Bab 040: Menarik Kebencian
Untuk soal satu tambah satu sama dengan dua, biasanya peserta hanya perlu menulis dua sebagai jawabannya.
Namun, Yun Yi berbeda. Ia menulis tiga.
Bahkan, ia menuliskan seluruh proses pembuktian bahwa satu tambah satu sama dengan tiga, dengan logika yang tak bercela, meski hasil akhirnya tetap salah.
Bai Shu memeriksa dengan serius soal matematika yang telah membingungkan manusia selama ribuan tahun itu.
Saat menelusuri alur pemikiran Yun Yi, ia nyaris saja terhipnotis.
Logikanya sangat rapi, proses penalarannya terperinci, tak ada satu simbol pun yang keliru, seolah-olah itu memang kebenaran.
Bai Shu menatap Yun Yi yang tampak lelah, dalam hati ia merasa sayang, andai saja Yun Yi tidak menyia-nyiakan bakatnya dengan tidak masuk ke bisnis penipuan jaringan.
Selain itu, urutan berpikir Yun Yi juga berbeda dari orang kebanyakan.
Dalam sebuah kalimat, urutan subjek, predikat, objek, keterangan, dan pelengkapnya benar-benar kacau, kadang subjek di depan, kadang keterangan duluan.
Dengan penuh rasa penasaran, Bai Shu pun pergi ke ruang belajar SMA tempat keponakannya belajar.

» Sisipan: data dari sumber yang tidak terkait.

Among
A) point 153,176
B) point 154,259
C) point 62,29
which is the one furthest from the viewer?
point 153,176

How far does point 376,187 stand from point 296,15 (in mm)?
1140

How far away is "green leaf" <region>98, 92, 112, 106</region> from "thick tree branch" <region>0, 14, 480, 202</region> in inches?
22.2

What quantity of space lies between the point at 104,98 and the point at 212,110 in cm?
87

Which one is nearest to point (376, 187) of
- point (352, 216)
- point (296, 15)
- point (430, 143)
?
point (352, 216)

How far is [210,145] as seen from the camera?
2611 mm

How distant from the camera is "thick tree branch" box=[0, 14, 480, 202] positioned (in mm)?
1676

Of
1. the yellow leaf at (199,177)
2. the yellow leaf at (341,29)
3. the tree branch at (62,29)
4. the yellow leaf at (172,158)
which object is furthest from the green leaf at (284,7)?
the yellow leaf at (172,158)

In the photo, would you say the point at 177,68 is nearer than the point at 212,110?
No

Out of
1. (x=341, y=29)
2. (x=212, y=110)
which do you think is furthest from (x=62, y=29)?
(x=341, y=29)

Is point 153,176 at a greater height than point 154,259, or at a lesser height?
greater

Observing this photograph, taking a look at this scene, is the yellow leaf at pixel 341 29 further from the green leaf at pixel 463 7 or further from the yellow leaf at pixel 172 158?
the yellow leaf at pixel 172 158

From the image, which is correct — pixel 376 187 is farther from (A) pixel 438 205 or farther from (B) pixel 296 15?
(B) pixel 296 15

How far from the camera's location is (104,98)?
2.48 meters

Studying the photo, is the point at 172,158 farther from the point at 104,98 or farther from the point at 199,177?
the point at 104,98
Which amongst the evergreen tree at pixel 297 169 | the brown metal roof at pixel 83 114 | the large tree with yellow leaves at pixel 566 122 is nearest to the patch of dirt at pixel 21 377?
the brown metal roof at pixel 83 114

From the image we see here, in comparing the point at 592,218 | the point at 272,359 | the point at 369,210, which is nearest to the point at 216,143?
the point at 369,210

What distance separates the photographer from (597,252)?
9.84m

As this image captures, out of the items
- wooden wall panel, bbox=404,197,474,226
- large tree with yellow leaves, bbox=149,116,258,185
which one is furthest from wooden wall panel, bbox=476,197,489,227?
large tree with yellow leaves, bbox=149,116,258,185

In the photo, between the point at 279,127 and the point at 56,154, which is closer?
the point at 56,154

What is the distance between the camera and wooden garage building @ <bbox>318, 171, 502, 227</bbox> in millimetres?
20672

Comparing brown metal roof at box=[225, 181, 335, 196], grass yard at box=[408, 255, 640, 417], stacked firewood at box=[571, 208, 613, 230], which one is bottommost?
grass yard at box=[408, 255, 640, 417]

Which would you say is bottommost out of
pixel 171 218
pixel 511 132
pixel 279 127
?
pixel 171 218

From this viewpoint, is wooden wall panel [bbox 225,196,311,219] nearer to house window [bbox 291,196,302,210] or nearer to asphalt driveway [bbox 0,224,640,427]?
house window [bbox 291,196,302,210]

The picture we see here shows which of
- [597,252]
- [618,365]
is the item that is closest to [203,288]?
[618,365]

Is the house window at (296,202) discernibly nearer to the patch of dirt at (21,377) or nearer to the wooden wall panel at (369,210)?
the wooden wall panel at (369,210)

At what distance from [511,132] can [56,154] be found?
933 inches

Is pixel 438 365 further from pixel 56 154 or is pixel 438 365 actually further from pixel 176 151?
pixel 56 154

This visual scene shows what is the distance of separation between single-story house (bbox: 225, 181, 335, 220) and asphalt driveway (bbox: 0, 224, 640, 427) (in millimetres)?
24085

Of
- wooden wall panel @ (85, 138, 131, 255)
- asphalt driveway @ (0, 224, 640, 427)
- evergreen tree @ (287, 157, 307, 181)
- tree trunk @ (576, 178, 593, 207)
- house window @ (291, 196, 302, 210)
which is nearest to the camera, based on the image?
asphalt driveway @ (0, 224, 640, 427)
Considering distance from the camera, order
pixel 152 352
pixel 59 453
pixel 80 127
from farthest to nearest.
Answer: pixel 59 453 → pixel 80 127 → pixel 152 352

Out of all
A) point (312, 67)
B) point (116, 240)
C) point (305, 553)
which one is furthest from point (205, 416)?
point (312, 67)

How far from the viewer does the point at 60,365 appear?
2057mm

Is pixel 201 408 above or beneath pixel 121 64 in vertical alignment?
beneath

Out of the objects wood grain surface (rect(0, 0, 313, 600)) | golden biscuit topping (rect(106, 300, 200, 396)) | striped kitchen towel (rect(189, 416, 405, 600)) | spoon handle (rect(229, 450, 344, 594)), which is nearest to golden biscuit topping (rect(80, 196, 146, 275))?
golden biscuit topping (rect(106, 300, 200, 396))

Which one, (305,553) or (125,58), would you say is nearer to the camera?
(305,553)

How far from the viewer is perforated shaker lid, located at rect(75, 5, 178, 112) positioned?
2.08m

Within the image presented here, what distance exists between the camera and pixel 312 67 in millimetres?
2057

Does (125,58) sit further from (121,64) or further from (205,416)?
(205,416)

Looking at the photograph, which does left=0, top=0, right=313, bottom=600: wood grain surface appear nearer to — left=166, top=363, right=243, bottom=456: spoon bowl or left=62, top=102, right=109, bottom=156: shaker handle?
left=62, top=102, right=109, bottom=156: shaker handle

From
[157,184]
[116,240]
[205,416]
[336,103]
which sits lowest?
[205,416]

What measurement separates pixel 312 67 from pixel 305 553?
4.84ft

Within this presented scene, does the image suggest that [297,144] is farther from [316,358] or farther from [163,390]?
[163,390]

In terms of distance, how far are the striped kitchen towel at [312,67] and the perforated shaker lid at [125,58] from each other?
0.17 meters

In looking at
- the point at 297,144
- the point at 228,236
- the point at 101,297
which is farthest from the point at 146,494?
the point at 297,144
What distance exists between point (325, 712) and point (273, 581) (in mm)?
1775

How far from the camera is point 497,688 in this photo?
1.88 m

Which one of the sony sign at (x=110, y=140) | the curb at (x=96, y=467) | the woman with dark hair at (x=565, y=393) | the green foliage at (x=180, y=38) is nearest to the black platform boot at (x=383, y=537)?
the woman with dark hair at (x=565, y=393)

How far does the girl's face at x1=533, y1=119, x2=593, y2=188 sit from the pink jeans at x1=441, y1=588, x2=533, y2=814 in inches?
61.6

Yun Yi yang tak mengalami masalah saat berbicara dengan orang, justru kesulitan menyelesaikan soal-soal bahasa karena cara berpikirnya yang unik, sehingga ia hanya bisa menyerah dan kembali ke dunia nyata.

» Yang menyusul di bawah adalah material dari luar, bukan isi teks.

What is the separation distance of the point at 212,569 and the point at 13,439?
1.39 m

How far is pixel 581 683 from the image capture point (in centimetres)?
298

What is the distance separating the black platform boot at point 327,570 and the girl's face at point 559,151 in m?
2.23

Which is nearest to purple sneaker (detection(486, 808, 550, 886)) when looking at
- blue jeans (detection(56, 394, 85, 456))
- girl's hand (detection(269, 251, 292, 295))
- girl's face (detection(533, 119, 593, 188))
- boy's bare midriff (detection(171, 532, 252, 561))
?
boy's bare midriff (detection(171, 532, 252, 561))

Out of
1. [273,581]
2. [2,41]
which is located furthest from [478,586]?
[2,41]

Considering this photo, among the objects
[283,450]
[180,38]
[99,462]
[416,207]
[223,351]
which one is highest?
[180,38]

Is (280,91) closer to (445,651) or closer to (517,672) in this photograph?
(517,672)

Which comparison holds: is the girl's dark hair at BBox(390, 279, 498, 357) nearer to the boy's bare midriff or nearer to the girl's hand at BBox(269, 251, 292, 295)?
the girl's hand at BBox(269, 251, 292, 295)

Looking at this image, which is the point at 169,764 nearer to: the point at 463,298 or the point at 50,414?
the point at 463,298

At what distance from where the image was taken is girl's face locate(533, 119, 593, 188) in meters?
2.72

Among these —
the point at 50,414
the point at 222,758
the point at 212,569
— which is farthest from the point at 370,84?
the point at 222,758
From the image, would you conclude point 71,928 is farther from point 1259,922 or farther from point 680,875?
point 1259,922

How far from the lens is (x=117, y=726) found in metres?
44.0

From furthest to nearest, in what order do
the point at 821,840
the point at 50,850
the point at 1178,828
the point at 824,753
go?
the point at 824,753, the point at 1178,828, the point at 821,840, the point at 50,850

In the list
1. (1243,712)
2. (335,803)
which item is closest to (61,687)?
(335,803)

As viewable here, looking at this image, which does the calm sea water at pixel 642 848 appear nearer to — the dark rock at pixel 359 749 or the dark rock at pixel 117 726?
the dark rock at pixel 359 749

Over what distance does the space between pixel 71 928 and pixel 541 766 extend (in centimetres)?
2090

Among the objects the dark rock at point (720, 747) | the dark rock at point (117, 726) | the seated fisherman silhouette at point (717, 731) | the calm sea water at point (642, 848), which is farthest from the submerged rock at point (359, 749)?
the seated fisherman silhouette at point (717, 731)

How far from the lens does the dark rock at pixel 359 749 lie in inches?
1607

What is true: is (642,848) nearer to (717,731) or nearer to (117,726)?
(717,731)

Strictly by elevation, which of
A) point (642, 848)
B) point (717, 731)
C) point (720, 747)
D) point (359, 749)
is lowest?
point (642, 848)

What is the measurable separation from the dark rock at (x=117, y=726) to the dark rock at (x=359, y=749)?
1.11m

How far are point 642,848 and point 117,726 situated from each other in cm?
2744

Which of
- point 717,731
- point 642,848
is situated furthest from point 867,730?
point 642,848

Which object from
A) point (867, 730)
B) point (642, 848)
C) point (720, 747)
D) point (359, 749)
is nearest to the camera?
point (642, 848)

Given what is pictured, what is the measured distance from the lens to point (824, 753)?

Ia tidak menyadari bahwa gelombang otaknya di ruang virtual whtie.space benar-benar transparan.
Transparansi pikiran adalah salah satu ukuran evolusi peradaban tingkat tinggi.
Dengan demikian, penyampaian informasi menjadi lebih efisien dan tepat sasaran.

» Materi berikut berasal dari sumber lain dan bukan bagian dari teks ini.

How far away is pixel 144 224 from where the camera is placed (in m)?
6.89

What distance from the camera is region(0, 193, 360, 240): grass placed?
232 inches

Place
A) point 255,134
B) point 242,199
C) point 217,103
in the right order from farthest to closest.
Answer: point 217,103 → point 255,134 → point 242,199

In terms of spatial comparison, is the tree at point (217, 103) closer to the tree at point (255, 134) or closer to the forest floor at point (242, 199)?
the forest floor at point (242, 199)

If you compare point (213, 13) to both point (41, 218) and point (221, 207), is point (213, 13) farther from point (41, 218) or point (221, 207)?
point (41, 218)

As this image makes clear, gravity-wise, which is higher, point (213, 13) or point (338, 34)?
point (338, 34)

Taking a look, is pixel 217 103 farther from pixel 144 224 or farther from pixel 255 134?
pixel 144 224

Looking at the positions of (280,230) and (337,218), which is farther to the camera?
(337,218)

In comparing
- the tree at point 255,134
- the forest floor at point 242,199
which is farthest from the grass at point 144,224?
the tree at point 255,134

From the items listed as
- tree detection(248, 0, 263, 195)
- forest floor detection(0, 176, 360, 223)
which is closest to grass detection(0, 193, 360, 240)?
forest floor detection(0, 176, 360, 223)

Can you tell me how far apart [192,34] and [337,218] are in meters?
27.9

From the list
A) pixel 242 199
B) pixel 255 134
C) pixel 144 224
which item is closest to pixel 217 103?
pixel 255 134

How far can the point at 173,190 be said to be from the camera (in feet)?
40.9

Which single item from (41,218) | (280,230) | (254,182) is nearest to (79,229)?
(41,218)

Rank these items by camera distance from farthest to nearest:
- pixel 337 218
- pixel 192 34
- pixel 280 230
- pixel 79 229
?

Meski bertukar informasi langsung lewat gelombang otak itu cepat dan akurat, rakyat Kekaisaran Silikon sama sekali tidak menyukai cara berkomunikasi seperti itu.
Hal pertama yang diajarkan kepada warga Kekaisaran Silikon setelah lahir bukanlah berbicara atau berjalan, melainkan cara melindungi diri dari gangguan dan intipan gelombang otak orang lain.
Lewat evolusi puluhan generasi, setiap warga Kekaisaran Silikon telah memiliki gen pelindung dari gangguan gelombang otak orang lain.
Hanya segelintir kalangan khusus yang dalam kondisi tertentu berkomunikasi langsung lewat pikiran.
Kendati demikian, Kekaisaran Silikon setiap hari masih saja mengalami pencurian informasi akibat pelindung gelombang otak yang tidak aktif tepat waktu.
Di antara semua korban, bayi adalah target utama para pencuri informasi.
Baru lahir, mereka belum memiliki kemampuan anti-gangguan dan hipnosis yang kuat, tapi di benak mereka tersimpan ingatan yang diwariskan dari orang tua.
Ingatan-ingatan itu disimpan di otak, tepatnya pada organ yang disebut “buah ingatan”.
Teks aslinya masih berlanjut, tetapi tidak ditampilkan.